When a door closes, a window opens. The only problem is I have a few windows open, and the door never really closed. Granted, there are screens in the windows that I need to punch out. Difficult life-changing decisions. Ugh...
I talked to my boss today. And he truly is a nice guy. Sure, we had a rough start in the beginning. But what can you expect from a crazy, headstrong college student? I'm just glad he puts up with me and is willing to help me with the research. But anyways, come to find out, I will have funding for my Master's Degree if I so choose to continue with my Master's Degree. So, that option is still open to me.

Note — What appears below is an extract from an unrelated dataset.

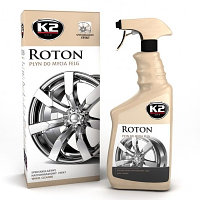 Очиститель дисков и кузова с индикатором Roton 750 мл.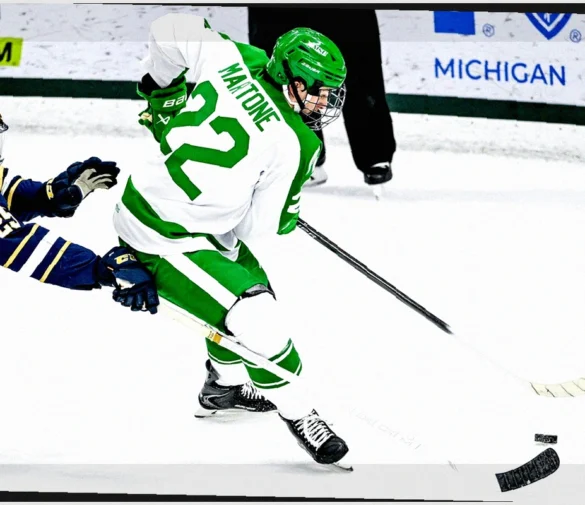 Flyers GM Danny Briere Reveals Potential Date for Porter Martone’s NHL Debut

I feel a little bit better about it all now. I thought I didn't have funding and that I was just a poor excuse of a bio-engineer. Well, I'm happy to say that my department doesn't think that way about me. And I guess I shouldn't think that way about myself either.
Anyways, now I don't know what to do. The idea of not being dirt-broke is so appealing. And I know I could go back and get my Master's Degree whenever I want and have the company pay for it. I don't know what to do. The idea of finally owning a house is very appealing to me.
I guess I could hope to get the best of both worlds. One of the jobs I'm applying for is in Logan. If I got that job, I could still continue with my Master's Degree at Utah State. Granted, I'd be super-super busy and slower at getting my degree. But I wouldn't be poor. I'd be able to go to fancy restaurants with my husband, and we'd be able to have mini-vacations.
Cross your fingers for me. Or pray. Or think happy thoughts for me. I know I'll be praying, crossing my fingers, and definitely thinking happy thoughts as I go through these interviews. I know I'm an amazing person and worker. The only problem is I also know my shortfalls and tend to think a little too heavily on those.